Stone Curver Looking.jpg

In Photo: Carving in progress with machines that release silica-rich, extra fine dust. The worker using the hand-held machine inhales large volumes of this dust, for 7-8 hours a day, given the lack of dust-control mechanisms in stone-caving factories.  (Photo credit: Yuvraj Dhir)

With these shifts, the Sompuras restructured their position in the industry into becoming powerful intermediaries. Now, they have become advisors of the temple-building process. They do not perform the carving work anymore but have maintained the role of designers of temples. For religious trusts, these designs are not just beautiful floral patterns or images of heavenly beings. For it to be temple-worthy, it must be pure and holy, and developed by Brahmincal gatekeepers of divine designs.

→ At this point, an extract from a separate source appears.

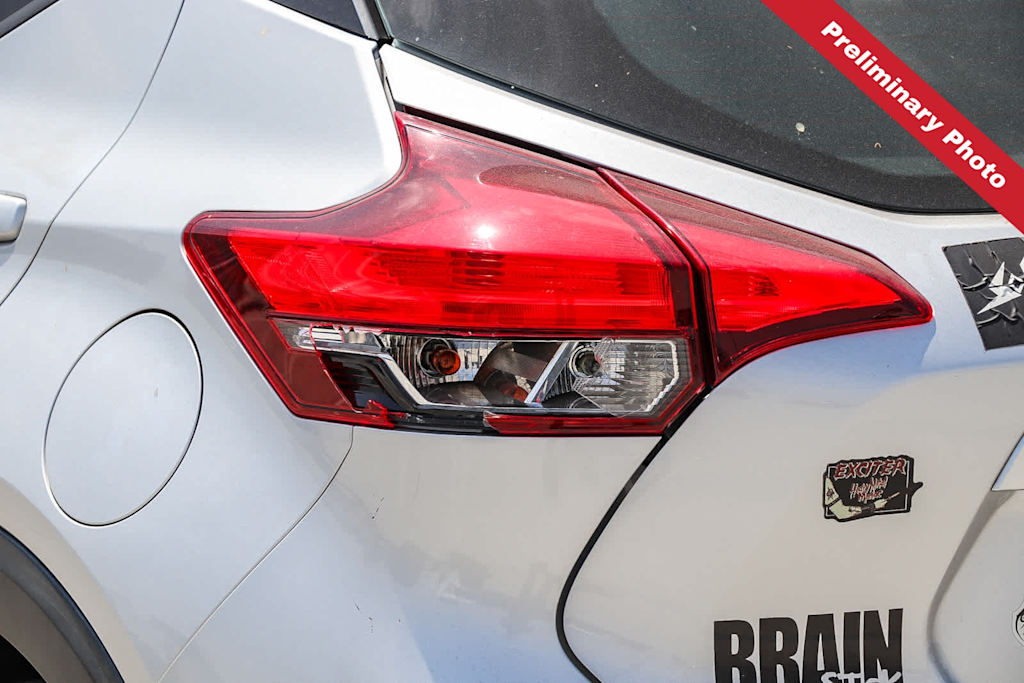 Thumbnail: 2019 Nissan Kicks - 17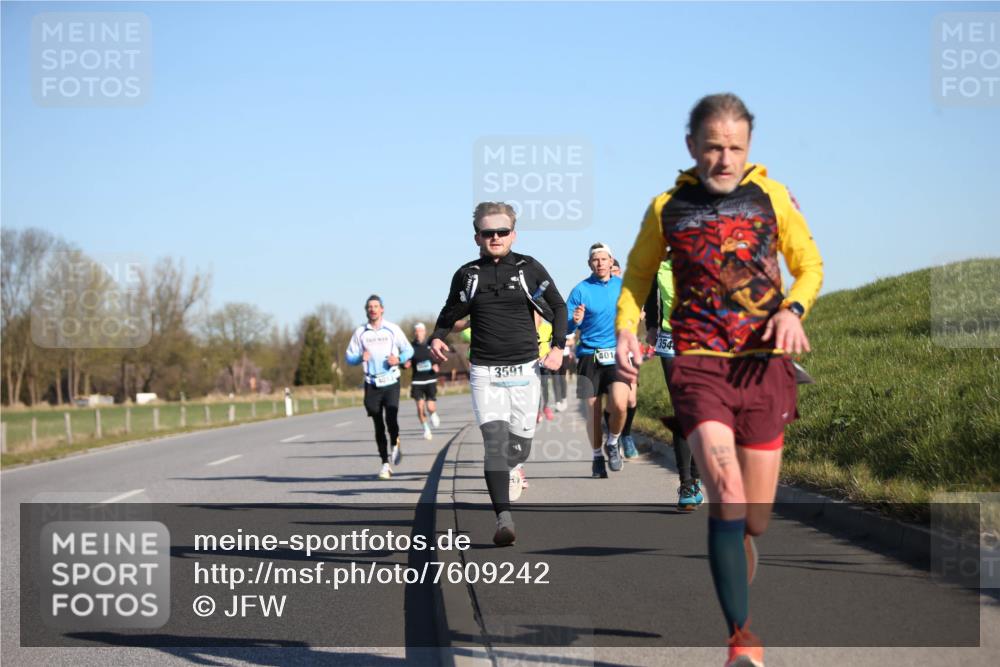 06.04.2025 - 44. Internationalen Wilhelmsburger Insellauf Jannik Wohlers http://msf.ph/oto/7609242 06.04.2025 09:23:15 Laufen 3591, 401, 354 meine-sportfotos.de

For lending their purity to this building process, Sompuras charge the Trusts a hefty 5-10% of the total temple-project budget. Ultimately, this fees is drawn from religious followers and donors of such temple trusts, including lay families and individuals who have no idea about the Silicosis epidemic caused by the industry’s carving process. 

While shifting out of the carving work, Sompuras trained local labour in Pindwara to perform this work. Over a period of time, Pindwara emerged as the biggest hub for such stone-carving, especially with the setting up of Swaminarayan’s own stone carving factories here (that directly employ around 5000 workers today and many more through sub-contracting).

Sompuras have become the window through which temple-trusts access and manage stone carving factories. The common practice is for Sompuras to visit the factory once or twice a month to supervise the process. Some factory owners shared that they have full understanding and knowledge of how to design and carve the stones themselves and do not need the mediation of Sompuras, who charge them 5-10%  (in addition to the fees Sompuras get from the Trusts)! However, work independently managed by factory owners and carved by Adivasi and Dalit workers will not be considered holy enough for temples, without the touch and approval of Sompuras, who maintain their Brahminical hold on the whole process with utmost strictness. In case a stone carving factory manages to obtain a direct contract from a temple-trust, they would nevertheless need the approval of a Sompura before the trust would accept their consignment. For this, they must pay the Sompuras hefty fees.

The boom in temple-building industry has created employment for about 15,000 Adivasi and Dalit workers in Pindwara, but strictly keeping them in the lowest rung of hazardous and precarious work. Despite the multi-crore projects, there are no signs of effective dust control measures in the stone-carving factories where work is commissioned by them.

The relationships in this industry have a clear caste heirarchy – 3 out of every 10 of the Adivasi, Dalit stone-carving workers in Pindwara are dying due to Silicosis, while the Sompuras Brahmins have intensified their power and assumed a doubly profitable position, leveraging their age-old authority as Brahmins.

Statue of God curving.jpg

In Photo: The carvings become holy and be-fitting a temple only after a Sompura has given it the ‘final touches’ over the carvings produced by Adivasi and Dalit workers. Photo credit: Yuvraj Dhir

 

The temple-building industry’s caste lines are deeply etched and it does not entertain much flux. The Workers’ Right Centre and Pathar Gadhai Mazdoor Suraksha Union that has been dedicatedly working on this issue for last 3 years in Pindwara, report that despite Adivasis working in this industry for over 3 years, they are yet to find even one Adivasi that has been able to move up the value chain beyond a petty contractor. Even owning a small stone carving factory has remained firmly outside the ambit of this community. 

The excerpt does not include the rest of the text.